Nella foto: Carlo Verdelli, Monica Maggioni e Antonio Campo Dall’Orto

“Oggi in un preconsiglio informale abbiamo discusso questo documento. Dopodiché, per ragioni di tempistica abbiamo concordato con i consiglieri, in un accordo formale, a riaprire la discussione nel consiglio di domani”, ha detto la presidente della Rai, Monica Maggioni, risponde sui motivi per cui il Cda di viale Mazzini non abbia ancora votato il piano dell’informazione. La proposta, aveva spiegato la Maggioni, “è un racconto progettuale” che sta dentro “una timeline precisa di azioni che vanno fatte da subito, mentre andiamo verso una rielaborazione che sarà condivisa”, che “coinvolgerà diverse migliaia di lavoratori” e “associazioni sindacali” e che “recepisce anche le indicazioni espresse da questa commissione il 12 febbraio 2015. E tutto questo non richiede voto”. “Non essendo questo” documento “oggetto di voto”, ha aggiunto successivamente, si è proceduto come “è prassi del nostro cda, anticipando temi strategici in riunioni di consiglio informali per proseguire poi in consiglio formale, avendo l’accordo preventivo di tutti i consiglieri”.

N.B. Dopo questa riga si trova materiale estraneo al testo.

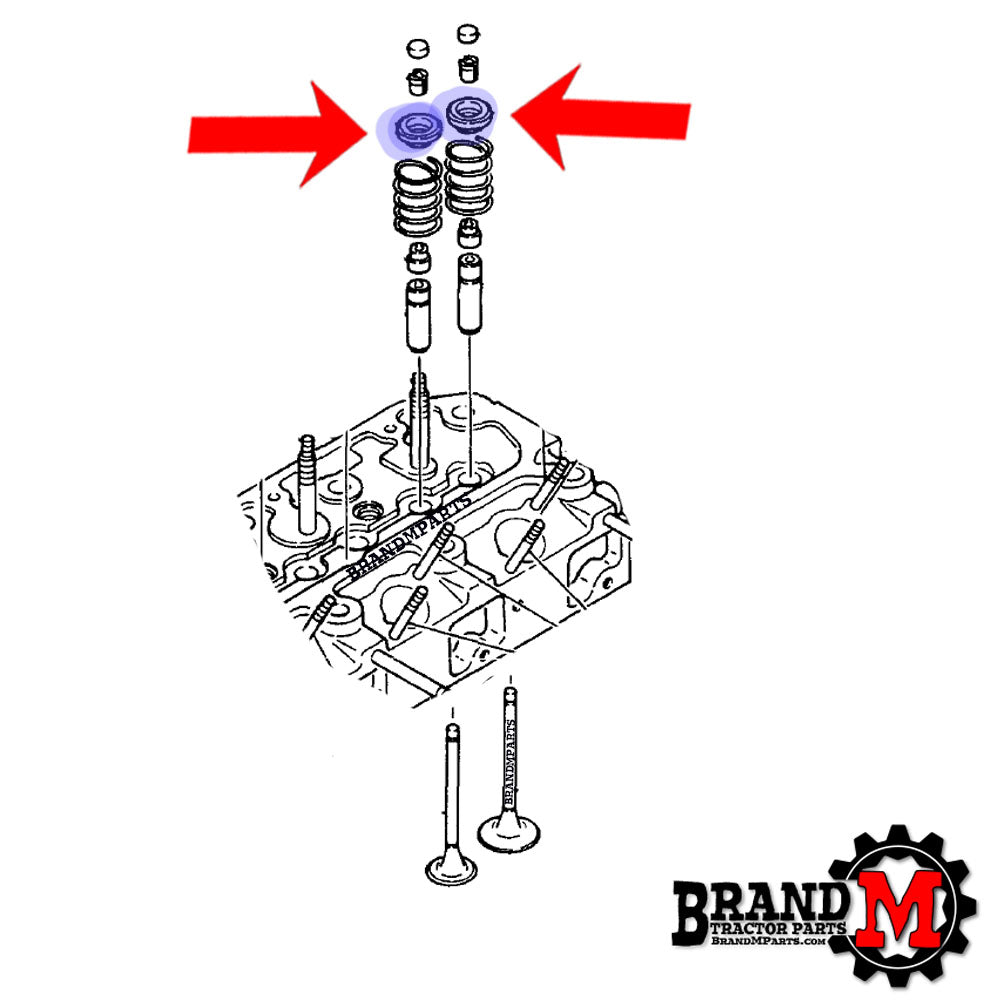 Valve Spring Retainer (each)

“In gioco c’è il futuro dell’azienda”, ha detto Verdelli. “Non è vero che sono escamotage o pezzetti di carta di appoggio, come ho letto sui giornali”. Si tratta, dice, “di cambiare la cultura di fare informazione”. “Questo piano ha bisogno di un consenso e di uno sviluppo in commissione e in azienda”, ha sottolineato, ricordando che negli ultimi due anni la tv generalista ha perso 1,5 milioni di spettatori. “Cinque anni fa il dato odierno del 53% di pubblico per i media tradizionali Rai e 47% per i media digitali era ben diverso, intorno a 70 e 30, grosso modo, e tra cinque anni sarà ancora diverso e avanti a quello di oggi,  ancor più spinto verso i media digitali”. “La gente va a cercare le notizie altrove e noi li’ non esistiamo”, ha chiosato. “Va recuperato il tempo in quella direzione e il tempo a disposizione è pochissimo”. Per Verdelli il verbo principale di questo piano di sviluppo è “cambiare”‘, e “non perche’ l’esistente e’ sbagliato ma perche’ il mondo e’ cambiato e vuole un’informazione personalizzata, moderna, didattica”.”Se questo piano non passerà, la Rai non avrà grandissimo futuro”.